The Platforms Powering the "Second Act"

The recently released Over50Pros Gig Economy Toolkit highlights a shift toward stacking platforms to create a resilient income stream. Here is how older professionals are successfully leveraging these specific sectors:
The Knowledge Economy: High-skill professionals are bypassing traditional hiring bias by using platforms like Upwork and Toptal. Consultants on Clarity.fm are monetizing their expertise by the minute, proving that specialized knowledge in finance, strategy, and HR remains in high demand.
The Compassion Sector: Platforms like Papa (senior companionship) and Care.com have become staples for those looking for meaningful, people-facing roles. These gigs often mirror the "life-stage" benefits many retirees seek: social connection and a sense of purpose.

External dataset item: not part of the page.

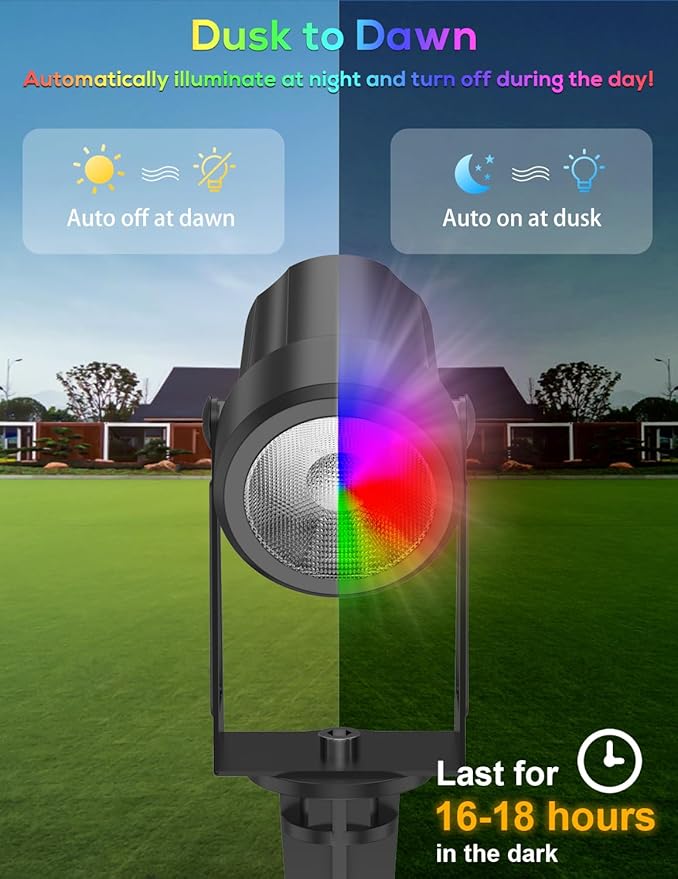 ZYAN Solar Spotlights Outdoor, Solar Landscape Lights with Remote Control, RGBW Colored Spot Lights for Yard, Garden, Lawn, Plant, Tree, Pool Areas, Auto On/Off, Dimmable & Waterproof (4 Pack)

Physical & Skilled Trades: For those who prefer being active, TaskRabbit and Instacart provide immediate cash flow. A key trend in 2026 is "last-mile" delivery via Amazon Flex or Roadie, allowing workers to use their own vehicles for local routes.
Modern Challenges in a Digital World
Despite the growth, the transition isn't always seamless. AARP’s 2026 research indicates that 64% of workers age 50-plus have witnessed or experienced age discrimination in traditional settings. While the app doesn't care how old you are, other hurdles persist:
Tech Friction: While the tech gap is closing with older workers listing AI skills on LinkedIn at double the growth rate of younger peers, some platforms still lack live support, leaving workers to troubleshoot complex app glitches alone.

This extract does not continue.